I’ve always liked the song, now I REALLY like it. And I’m not alone, it earned a Grammy in 1970.

So without further ado, here’s the video of Johnny performing the song at San Quentin

Hres the video (audio actually) of Shel singing the song:

and to tie the two songs together; here’s a brief video of the two of them singing an excerpt from the song, together:

So thank you again to Michael Kuch for the inspiration for this blog, and to the wonderful web that has been woven by the Internet.

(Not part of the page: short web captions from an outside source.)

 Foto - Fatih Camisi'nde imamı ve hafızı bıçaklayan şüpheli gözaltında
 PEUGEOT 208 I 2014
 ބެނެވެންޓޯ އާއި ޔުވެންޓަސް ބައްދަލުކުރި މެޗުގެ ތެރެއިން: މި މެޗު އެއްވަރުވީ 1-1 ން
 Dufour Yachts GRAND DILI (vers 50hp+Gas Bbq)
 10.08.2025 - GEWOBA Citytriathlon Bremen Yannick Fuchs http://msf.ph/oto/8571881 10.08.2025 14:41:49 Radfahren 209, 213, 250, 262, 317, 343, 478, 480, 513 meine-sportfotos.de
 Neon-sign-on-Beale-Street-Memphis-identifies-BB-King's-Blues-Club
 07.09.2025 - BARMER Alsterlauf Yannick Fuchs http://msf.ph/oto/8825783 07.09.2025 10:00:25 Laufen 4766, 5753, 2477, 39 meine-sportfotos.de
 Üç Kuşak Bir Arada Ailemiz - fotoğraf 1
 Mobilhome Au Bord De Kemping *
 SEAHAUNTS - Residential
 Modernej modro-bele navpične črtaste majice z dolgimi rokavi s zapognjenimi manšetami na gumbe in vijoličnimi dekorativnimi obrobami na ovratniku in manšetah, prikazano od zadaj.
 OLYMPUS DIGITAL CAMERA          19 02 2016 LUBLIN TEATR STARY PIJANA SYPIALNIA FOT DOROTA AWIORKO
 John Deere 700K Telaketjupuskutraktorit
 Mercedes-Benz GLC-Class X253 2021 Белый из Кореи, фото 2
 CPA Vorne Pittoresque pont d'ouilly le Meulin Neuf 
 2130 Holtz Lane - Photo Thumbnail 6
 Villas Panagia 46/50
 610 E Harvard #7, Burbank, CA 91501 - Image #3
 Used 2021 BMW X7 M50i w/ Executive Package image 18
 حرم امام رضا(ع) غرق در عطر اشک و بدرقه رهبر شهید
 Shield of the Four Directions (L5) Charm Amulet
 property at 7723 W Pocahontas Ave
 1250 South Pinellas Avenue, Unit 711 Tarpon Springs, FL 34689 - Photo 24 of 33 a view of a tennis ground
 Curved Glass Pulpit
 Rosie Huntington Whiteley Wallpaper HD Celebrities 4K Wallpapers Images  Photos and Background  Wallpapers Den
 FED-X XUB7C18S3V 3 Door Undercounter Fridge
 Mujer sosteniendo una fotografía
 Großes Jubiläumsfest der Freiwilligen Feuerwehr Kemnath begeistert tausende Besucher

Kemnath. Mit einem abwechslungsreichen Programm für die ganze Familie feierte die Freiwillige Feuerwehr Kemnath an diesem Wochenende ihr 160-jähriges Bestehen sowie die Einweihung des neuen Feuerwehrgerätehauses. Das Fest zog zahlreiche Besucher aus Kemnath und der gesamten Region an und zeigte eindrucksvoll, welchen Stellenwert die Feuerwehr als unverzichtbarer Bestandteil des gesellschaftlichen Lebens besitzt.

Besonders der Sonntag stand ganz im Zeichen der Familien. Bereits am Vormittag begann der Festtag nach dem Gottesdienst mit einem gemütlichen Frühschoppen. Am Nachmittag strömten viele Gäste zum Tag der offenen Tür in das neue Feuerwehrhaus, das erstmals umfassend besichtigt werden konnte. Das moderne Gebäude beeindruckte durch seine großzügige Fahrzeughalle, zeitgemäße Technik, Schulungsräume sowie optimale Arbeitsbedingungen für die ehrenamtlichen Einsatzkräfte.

*image from Born to Listen

31 thoughts on “Music Monday: A Boy Named Shel

  1. OH wow! I love Shel Silverstein as an author and I never would have guessed he wrote that song! My husband and I love the song too. Thanks for sharing this. You have good taste in music! 🙂 (now movies…… LOL)

    Liked by 1 person

  2. This is what I come here for! This is such an informative and entertaining post, Jim! I have always been familiar with the song and its popularity, but I did not know the backstory and origin. Knowing that makes the song even more of a real gem. Well written!

    Liked by 2 people

  3. Wow, they sound pretty different. when I heard Johnny Cash sing it, I’d never imagine that a person with singer-style liks Silverstein would’ve written it.

    Liked by 1 person

  4. Funnily enough, I’ve never really liked this song, though I have a lot of JC’s albums in my library. I knew a little of the back story but you have filled in some very large gaps in my knowledge! His version of Solitary Man is the title track of his American III album – part of that great series he recorded late in life. Shel Silverstein wrote virtually all of Dr Hook’s early stuff, and his sense of humour shines through the songs. Cover of the Rolling Stone was initially banned here by the BBC, deemed as advertising and therefore not allowed. The Beeb at that time owned the listings magazine Radio Times, and the irony wasn’t lost on its own DJs, who took to playing a version they had re-recorded, with them shouting the words Radio Times during the chorus. The ban was lifted 😊

    Liked by 1 person

    1. You know your music – I just found out about the Silverstein/Dr. Hook connection yesterday. Love the story about how the song was banned for a while – three cheers to the DJs!


  5. Great story behind a classic song! Johnny Cash was one of a kind, and his wife was right on in encouraging him to sing the song. Having fathered three daughters, they should be thankful their names are not too far off of the mark. Thank you Jim for taking the time to put this post together.